(Beginning of Source data)

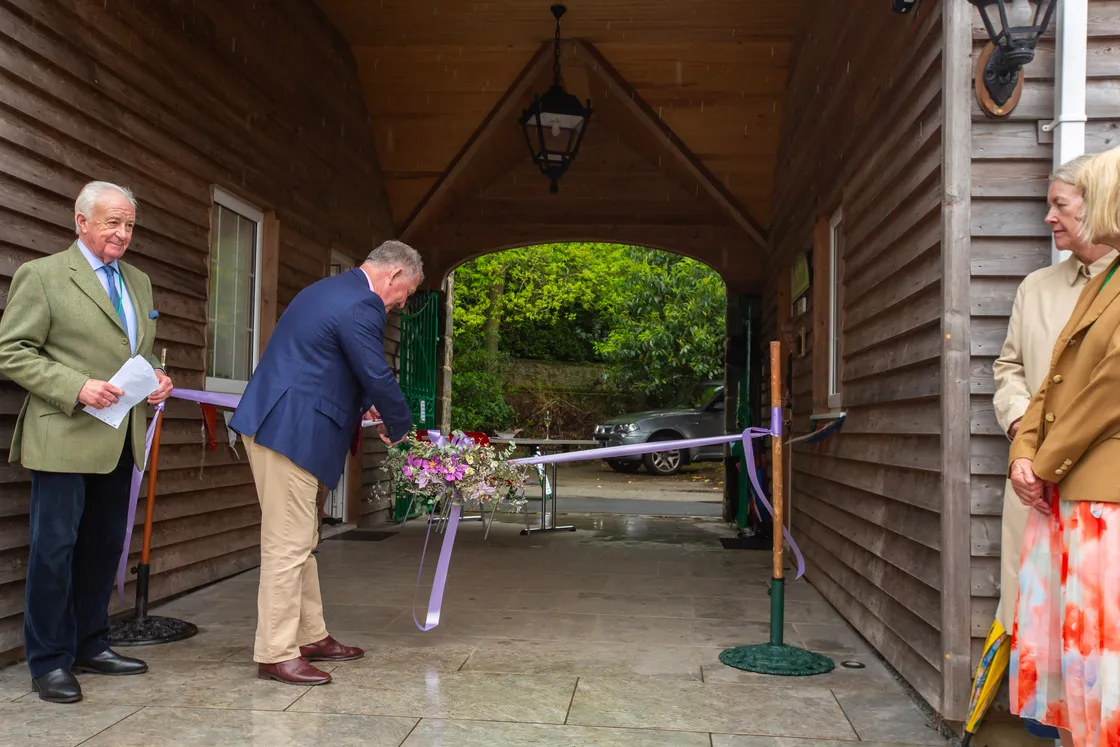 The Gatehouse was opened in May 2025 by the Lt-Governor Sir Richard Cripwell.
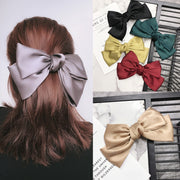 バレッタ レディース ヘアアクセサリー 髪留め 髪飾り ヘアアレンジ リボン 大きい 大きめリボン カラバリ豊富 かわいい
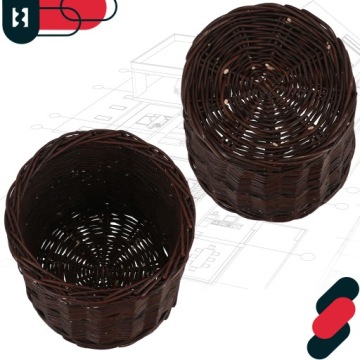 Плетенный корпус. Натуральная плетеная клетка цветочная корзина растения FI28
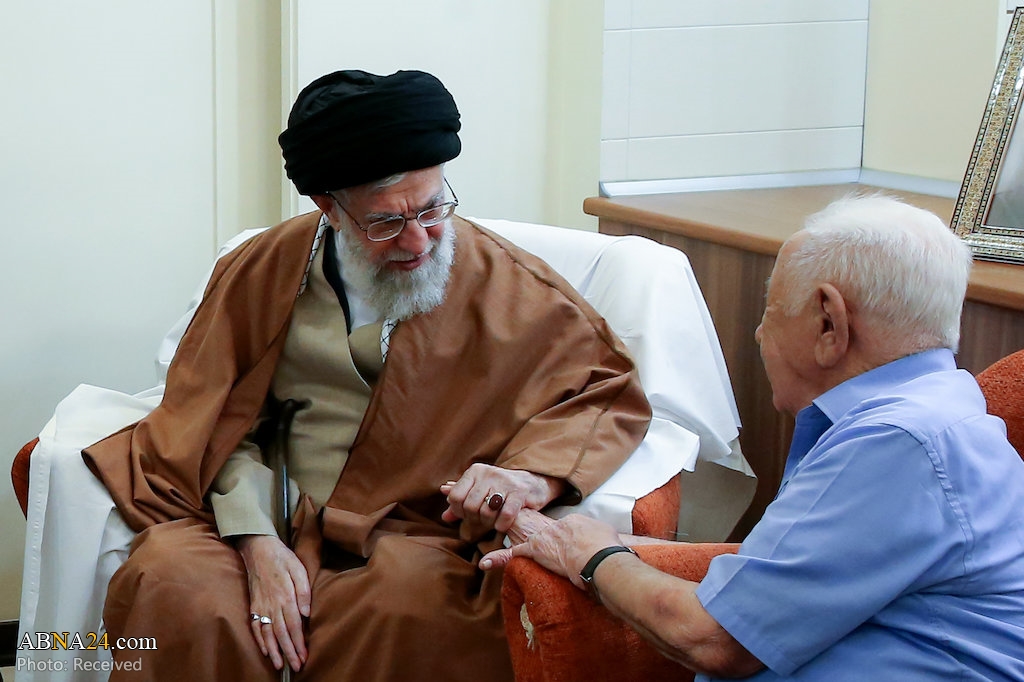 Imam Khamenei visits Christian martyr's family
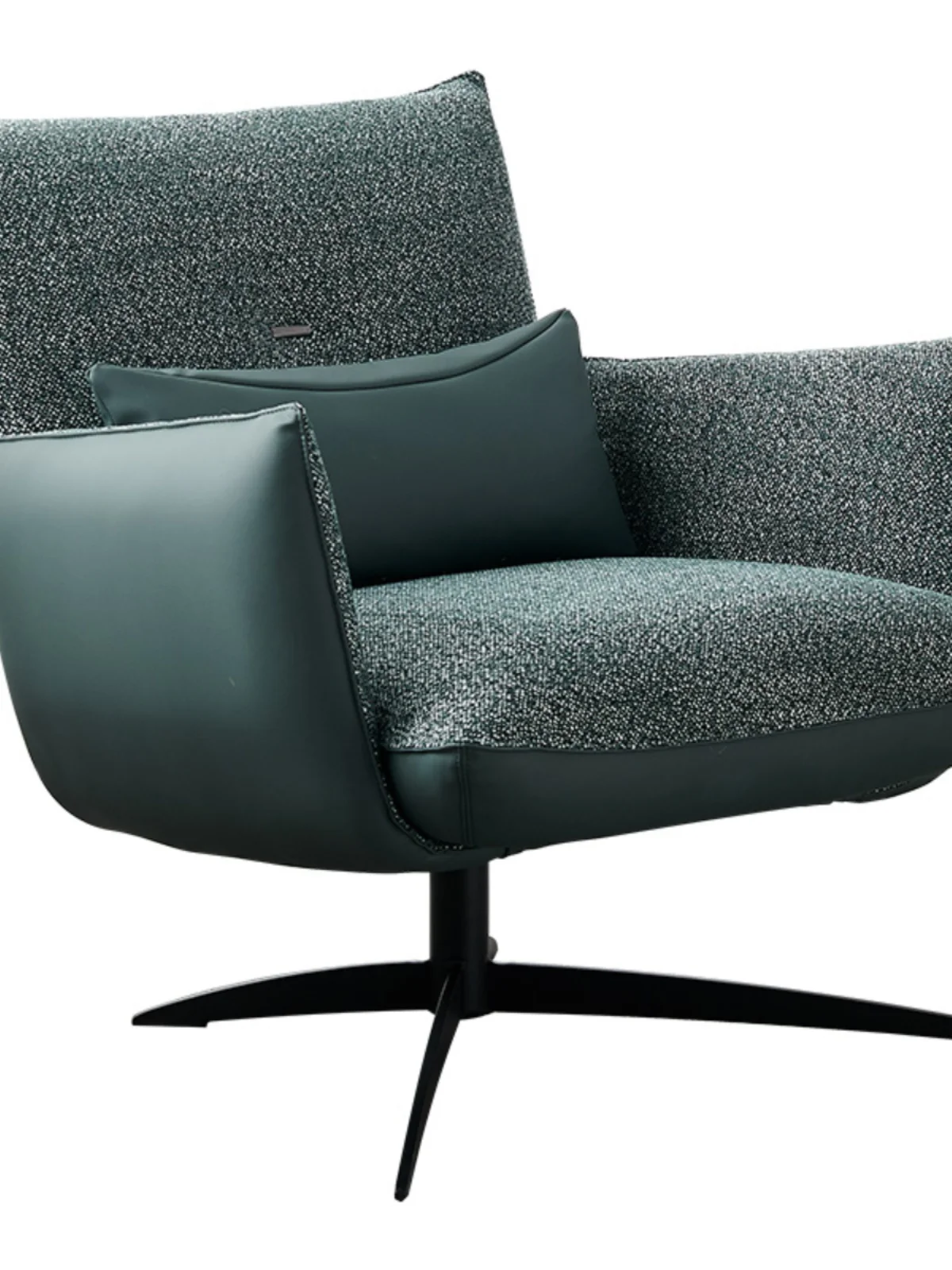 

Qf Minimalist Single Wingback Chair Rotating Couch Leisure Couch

(End of Source data)
(Beginning of Source data)

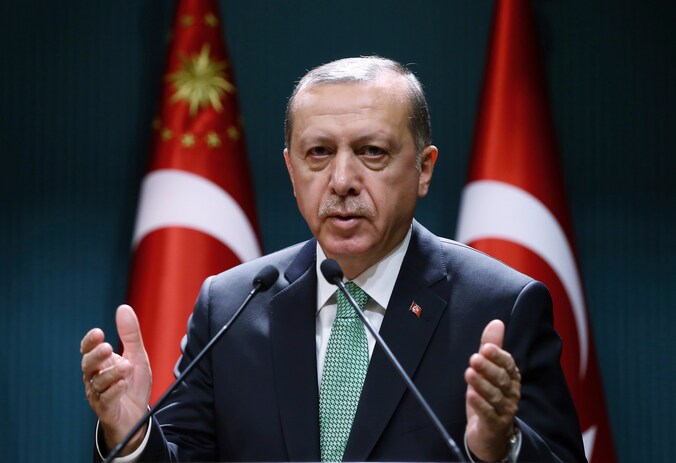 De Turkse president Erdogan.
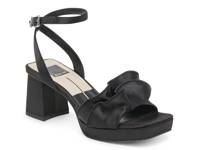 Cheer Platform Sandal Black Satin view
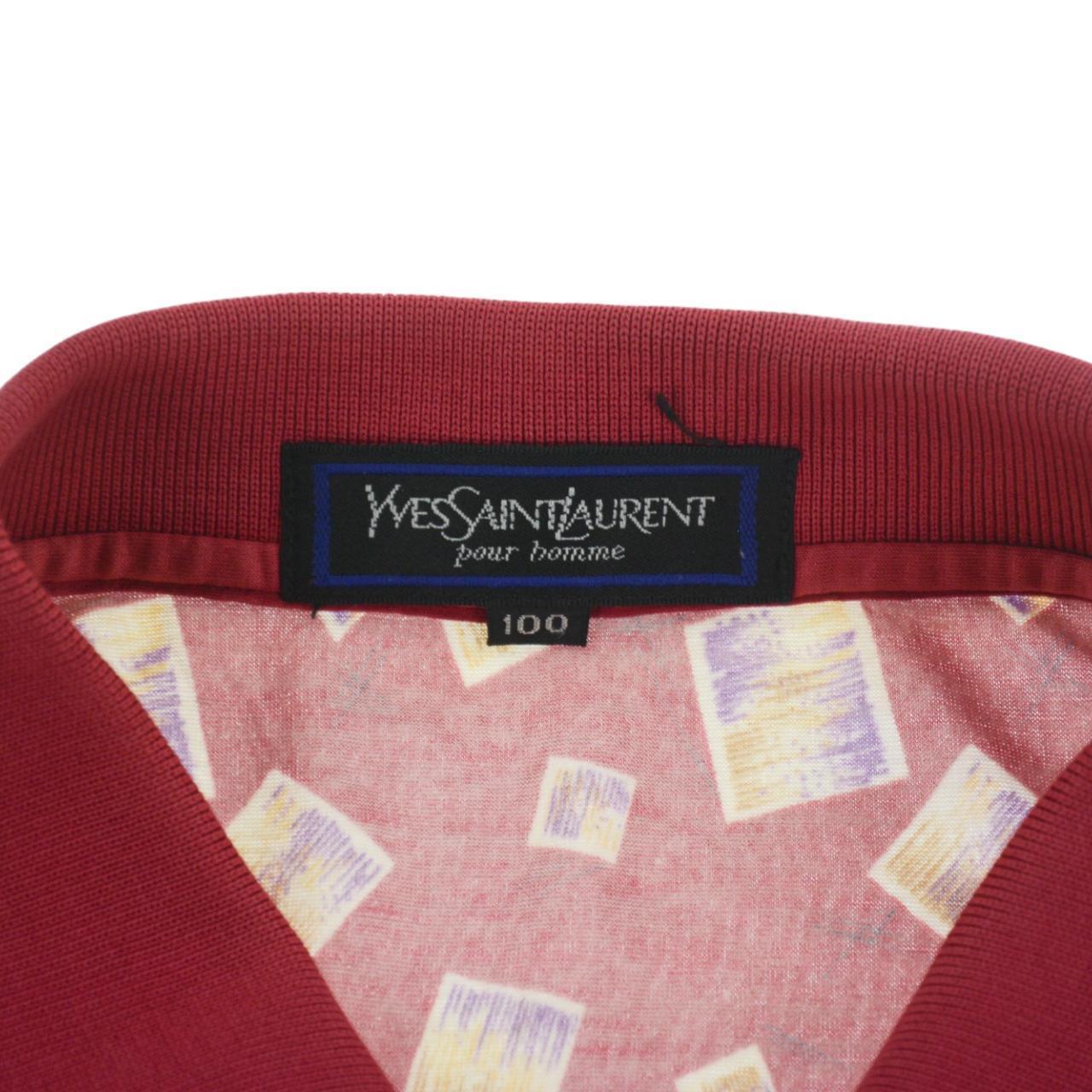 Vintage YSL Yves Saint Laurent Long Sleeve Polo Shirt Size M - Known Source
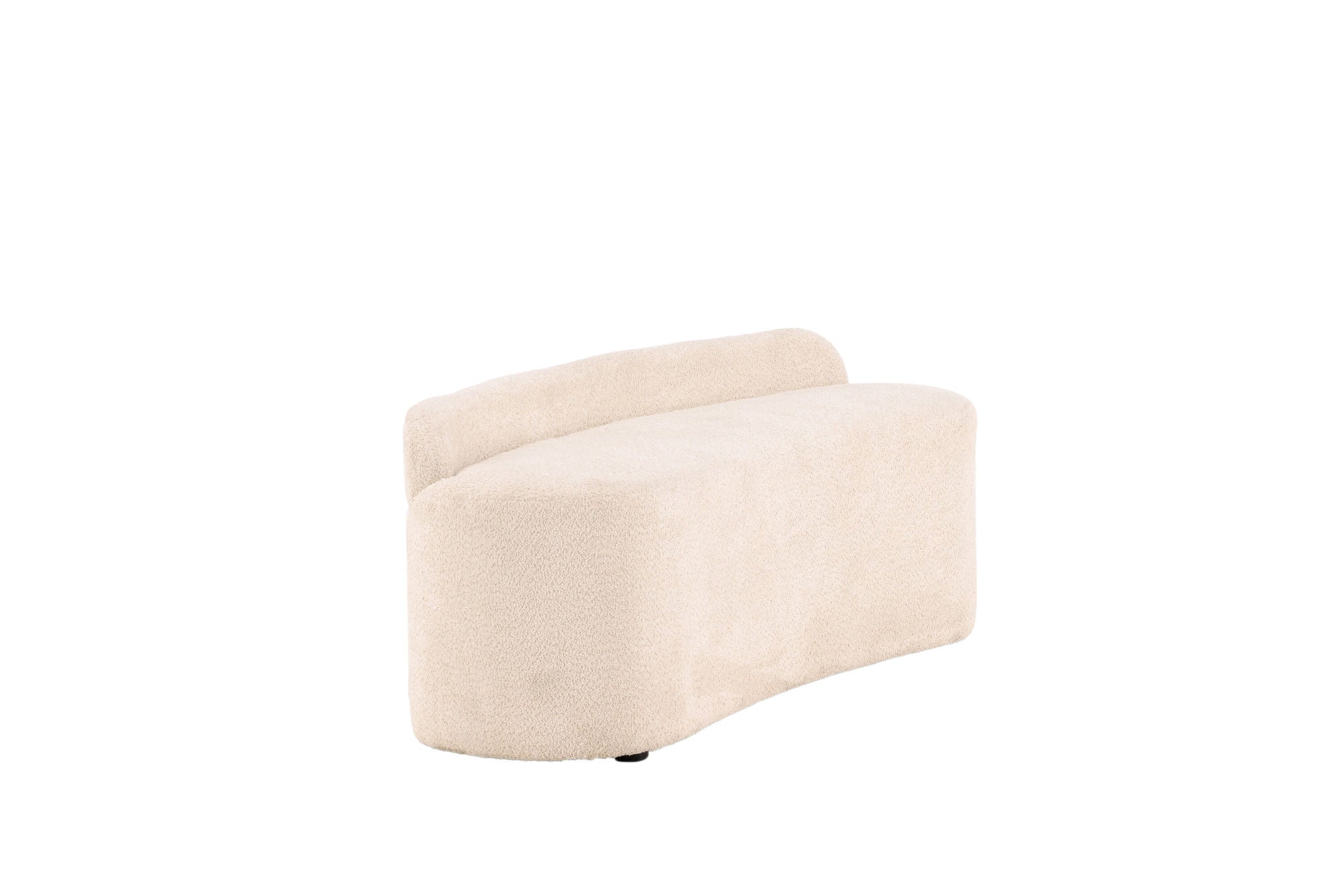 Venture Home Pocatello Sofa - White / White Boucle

(End of Source data)
(Beginning of Source data)

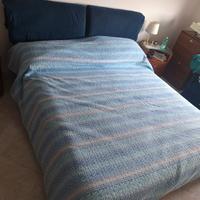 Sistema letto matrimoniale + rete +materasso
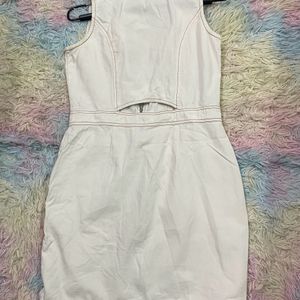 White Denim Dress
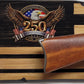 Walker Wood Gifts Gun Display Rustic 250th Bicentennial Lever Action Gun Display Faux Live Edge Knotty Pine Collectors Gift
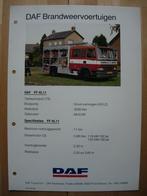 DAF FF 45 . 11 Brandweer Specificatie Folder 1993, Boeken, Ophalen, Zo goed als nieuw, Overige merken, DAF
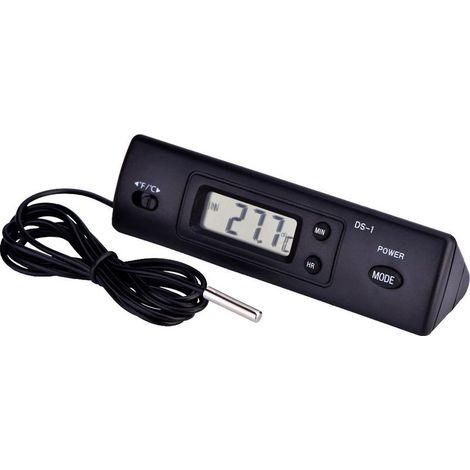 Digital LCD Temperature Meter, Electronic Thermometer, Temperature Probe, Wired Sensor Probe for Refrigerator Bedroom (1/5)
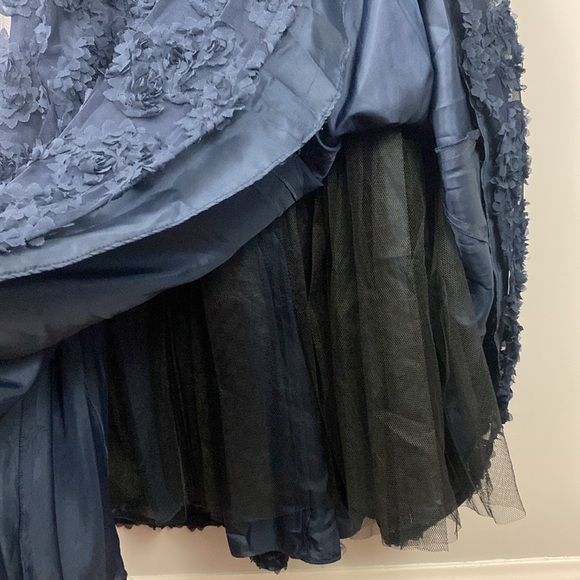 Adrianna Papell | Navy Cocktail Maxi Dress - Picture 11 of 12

(End of Source data)

- Task requirements -
Exercise for the records above: copy only the lines from the one with "Плетенный корпус. Натуральная" to the one with "Qf Minimalist Single", both ends kept, and drop the pictures.

- Answer to this exercise -
 Плетенный корпус. Натуральная плетеная клетка цветочная корзина растения FI28
 Imam Khamenei visits Christian martyr's family

Qf Minimalist Single Wingback Chair Rotating Couch Leisure Couch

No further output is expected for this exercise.